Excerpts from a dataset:
==*==
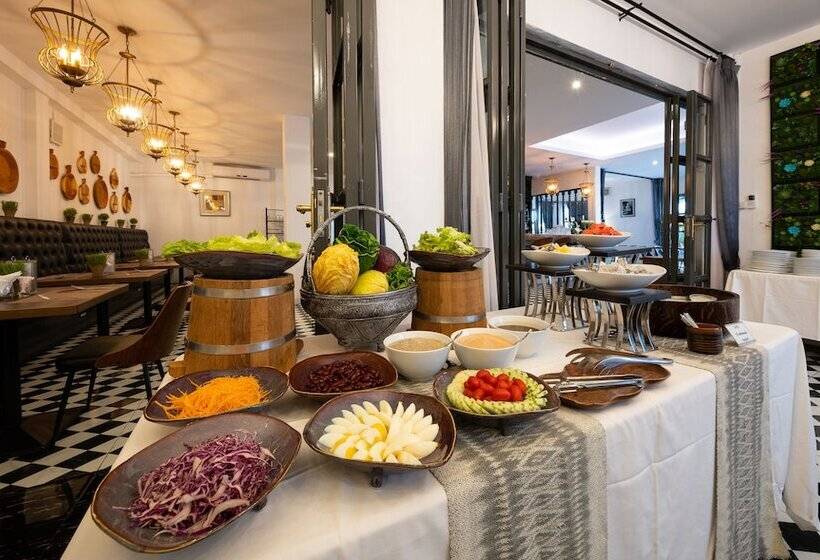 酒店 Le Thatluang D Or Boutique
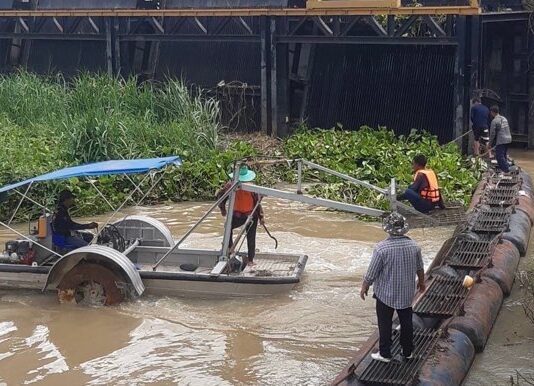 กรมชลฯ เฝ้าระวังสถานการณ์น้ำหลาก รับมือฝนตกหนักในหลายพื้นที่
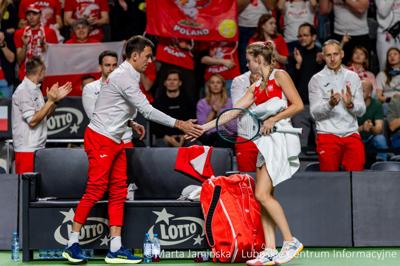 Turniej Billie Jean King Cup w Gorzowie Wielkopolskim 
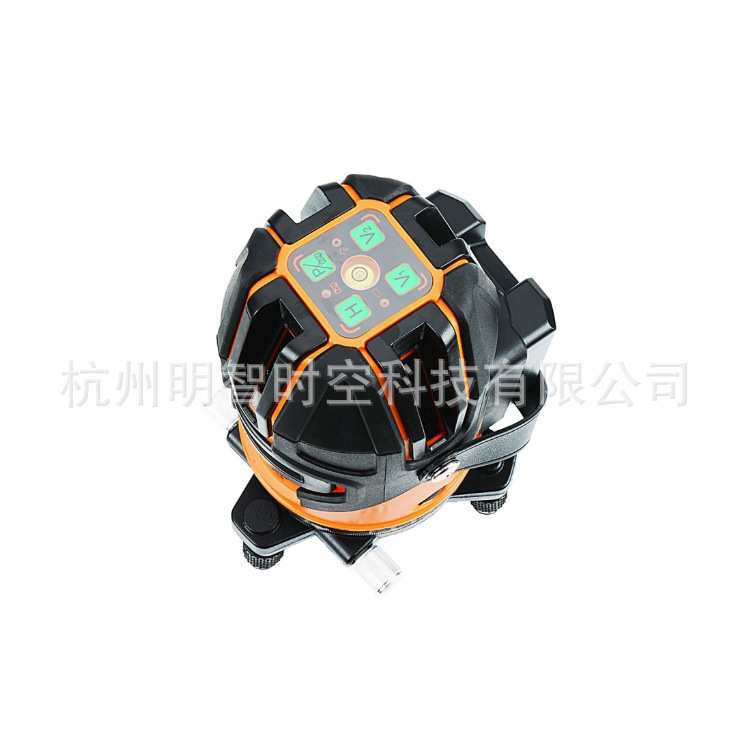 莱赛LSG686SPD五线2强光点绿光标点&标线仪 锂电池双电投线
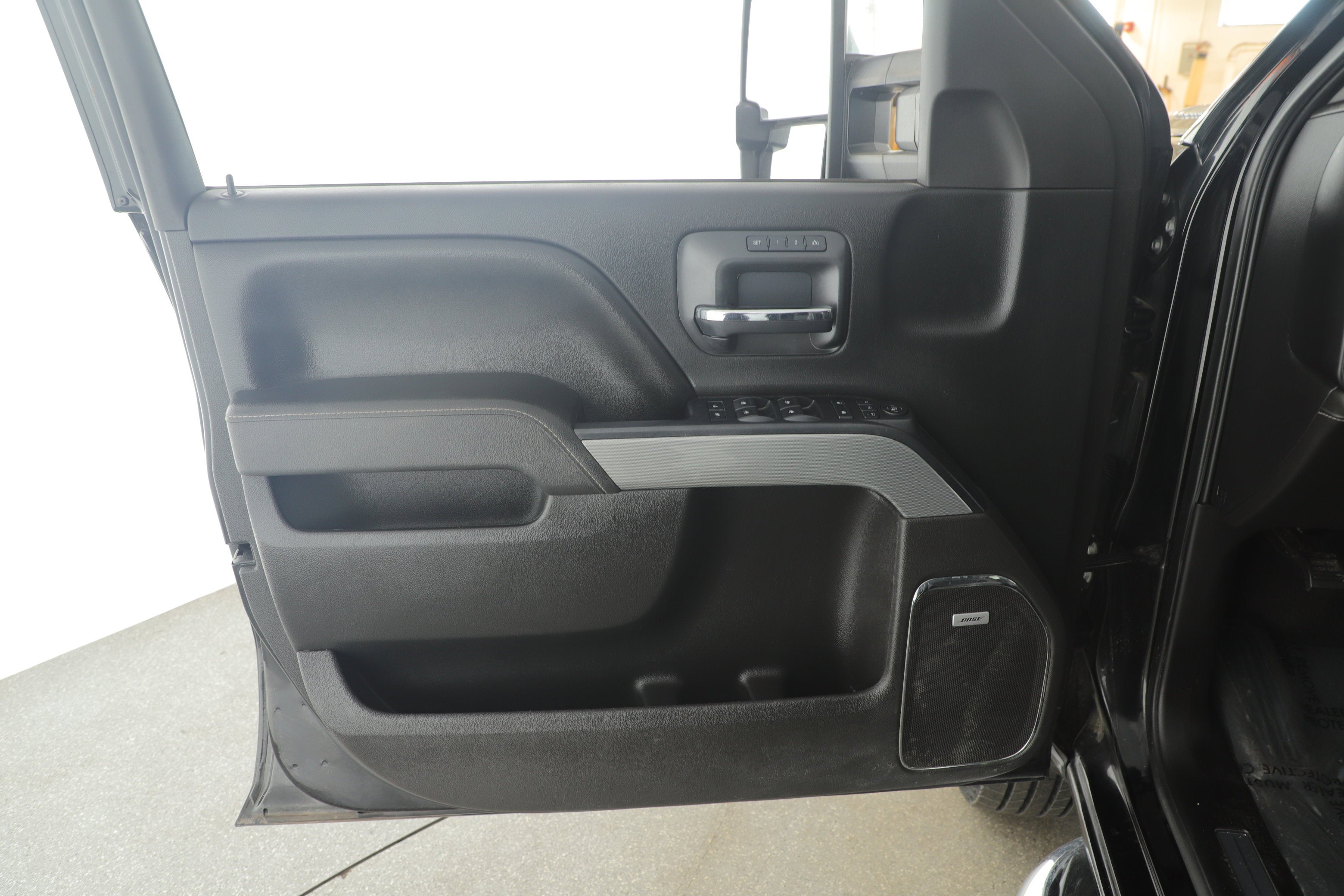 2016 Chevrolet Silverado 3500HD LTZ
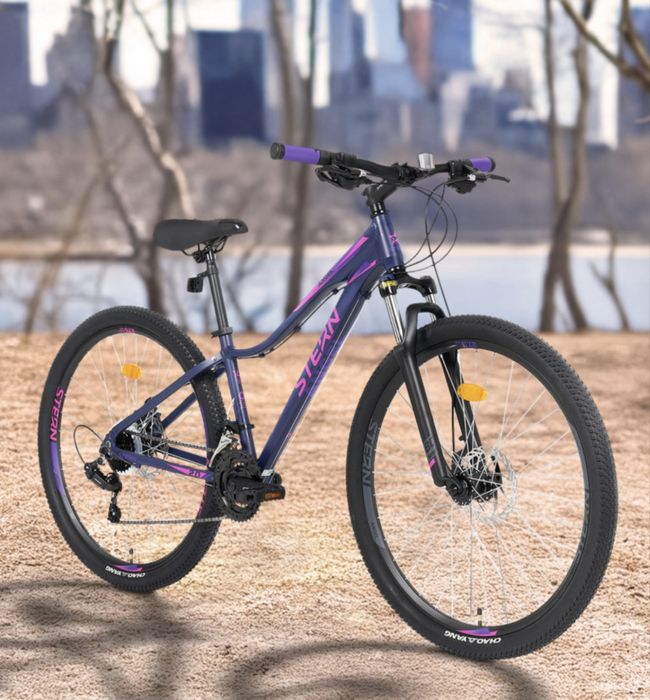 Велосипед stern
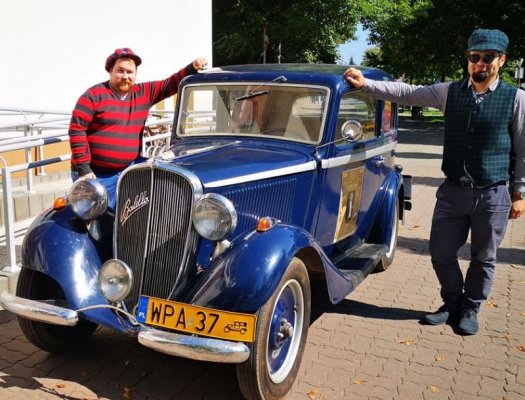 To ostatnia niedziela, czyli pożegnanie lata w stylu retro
==*==
Exercise description: The line that contains "Велосипед stern" begins the range and the last line of the entries ends it; print that range exactly, without pictures.

Task output:
 Велосипед stern
 To ostatnia niedziela, czyli pożegnanie lata w stylu retro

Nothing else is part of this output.